- **Directions**: What you need to produce from the material below is an exact transcription of the lines from the one with "Hanımlar Dostluk Yemeğinde Buluştu" through the one with "Shamakhi Palace Sharadil", both included, and no other line.

- **Data for processing**:

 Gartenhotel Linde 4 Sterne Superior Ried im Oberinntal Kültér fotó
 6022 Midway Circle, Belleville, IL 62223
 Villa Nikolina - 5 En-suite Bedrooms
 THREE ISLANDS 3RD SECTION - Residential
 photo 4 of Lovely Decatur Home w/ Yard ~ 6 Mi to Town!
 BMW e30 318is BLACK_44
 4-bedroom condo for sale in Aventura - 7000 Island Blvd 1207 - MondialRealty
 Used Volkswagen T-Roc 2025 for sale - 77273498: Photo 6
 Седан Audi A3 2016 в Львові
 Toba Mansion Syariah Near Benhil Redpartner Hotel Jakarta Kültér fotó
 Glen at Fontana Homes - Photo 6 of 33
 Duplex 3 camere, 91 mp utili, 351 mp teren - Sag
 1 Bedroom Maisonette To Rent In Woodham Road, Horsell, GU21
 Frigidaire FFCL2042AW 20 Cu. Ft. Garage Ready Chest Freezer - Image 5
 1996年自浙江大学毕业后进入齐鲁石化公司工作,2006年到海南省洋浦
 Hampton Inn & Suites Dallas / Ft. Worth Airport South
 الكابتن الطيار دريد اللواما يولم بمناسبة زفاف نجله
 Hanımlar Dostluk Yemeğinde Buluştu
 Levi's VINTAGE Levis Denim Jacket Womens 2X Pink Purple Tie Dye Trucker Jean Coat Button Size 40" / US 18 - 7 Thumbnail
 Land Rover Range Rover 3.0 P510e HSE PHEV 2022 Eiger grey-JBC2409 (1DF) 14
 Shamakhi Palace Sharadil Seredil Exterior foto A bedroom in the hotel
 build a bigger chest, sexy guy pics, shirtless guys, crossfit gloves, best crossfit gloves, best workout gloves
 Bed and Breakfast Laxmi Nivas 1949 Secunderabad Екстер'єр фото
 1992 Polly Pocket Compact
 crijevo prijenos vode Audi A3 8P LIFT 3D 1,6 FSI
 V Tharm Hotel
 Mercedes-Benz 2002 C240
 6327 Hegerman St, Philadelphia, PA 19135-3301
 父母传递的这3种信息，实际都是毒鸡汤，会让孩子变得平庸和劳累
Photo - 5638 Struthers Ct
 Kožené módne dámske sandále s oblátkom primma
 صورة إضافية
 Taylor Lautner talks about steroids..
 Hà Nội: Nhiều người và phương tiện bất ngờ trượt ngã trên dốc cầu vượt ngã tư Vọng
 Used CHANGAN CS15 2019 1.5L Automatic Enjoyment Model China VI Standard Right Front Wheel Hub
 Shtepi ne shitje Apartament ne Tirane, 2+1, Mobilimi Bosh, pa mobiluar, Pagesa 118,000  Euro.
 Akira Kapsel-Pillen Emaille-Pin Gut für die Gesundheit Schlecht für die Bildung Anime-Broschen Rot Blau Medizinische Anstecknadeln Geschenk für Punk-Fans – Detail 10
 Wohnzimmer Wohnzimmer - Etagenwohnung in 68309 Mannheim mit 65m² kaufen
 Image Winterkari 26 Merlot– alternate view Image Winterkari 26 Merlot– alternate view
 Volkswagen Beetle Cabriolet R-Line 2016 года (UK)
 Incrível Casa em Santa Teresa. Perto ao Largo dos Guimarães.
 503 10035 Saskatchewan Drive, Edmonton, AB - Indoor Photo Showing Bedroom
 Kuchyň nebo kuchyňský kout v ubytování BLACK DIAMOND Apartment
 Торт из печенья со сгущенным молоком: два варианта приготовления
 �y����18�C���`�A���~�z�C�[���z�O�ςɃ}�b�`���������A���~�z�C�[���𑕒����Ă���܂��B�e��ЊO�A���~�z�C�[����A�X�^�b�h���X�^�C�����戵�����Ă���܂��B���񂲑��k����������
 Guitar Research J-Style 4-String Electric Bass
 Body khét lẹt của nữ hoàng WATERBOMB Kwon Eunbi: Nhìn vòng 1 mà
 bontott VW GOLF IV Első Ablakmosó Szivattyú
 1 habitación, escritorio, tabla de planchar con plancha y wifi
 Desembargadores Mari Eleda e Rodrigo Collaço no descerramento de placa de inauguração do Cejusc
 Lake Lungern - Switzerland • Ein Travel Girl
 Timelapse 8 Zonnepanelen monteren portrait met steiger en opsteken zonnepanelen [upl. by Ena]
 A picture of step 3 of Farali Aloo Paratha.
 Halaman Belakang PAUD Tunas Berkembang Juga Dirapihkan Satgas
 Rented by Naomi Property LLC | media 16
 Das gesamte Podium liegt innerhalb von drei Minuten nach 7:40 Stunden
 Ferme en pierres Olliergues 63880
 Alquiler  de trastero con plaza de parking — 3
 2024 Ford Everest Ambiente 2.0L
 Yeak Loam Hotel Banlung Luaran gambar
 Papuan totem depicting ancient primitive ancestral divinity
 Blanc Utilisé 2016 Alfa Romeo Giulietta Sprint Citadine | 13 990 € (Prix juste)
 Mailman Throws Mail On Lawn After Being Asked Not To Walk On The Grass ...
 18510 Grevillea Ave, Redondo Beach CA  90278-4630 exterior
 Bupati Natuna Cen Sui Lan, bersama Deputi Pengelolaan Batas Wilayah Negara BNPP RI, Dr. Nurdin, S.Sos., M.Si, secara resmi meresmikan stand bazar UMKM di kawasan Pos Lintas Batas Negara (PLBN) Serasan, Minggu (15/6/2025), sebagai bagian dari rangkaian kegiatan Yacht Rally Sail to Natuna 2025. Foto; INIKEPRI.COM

- **Written answer**:
 Hanımlar Dostluk Yemeğinde Buluştu
 Levi's VINTAGE Levis Denim Jacket Womens 2X Pink Purple Tie Dye Trucker Jean Coat Button Size 40" / US 18 - 7 Thumbnail
 Land Rover Range Rover 3.0 P510e HSE PHEV 2022 Eiger grey-JBC2409 (1DF) 14
 Shamakhi Palace Sharadil Seredil Exterior foto A bedroom in the hotel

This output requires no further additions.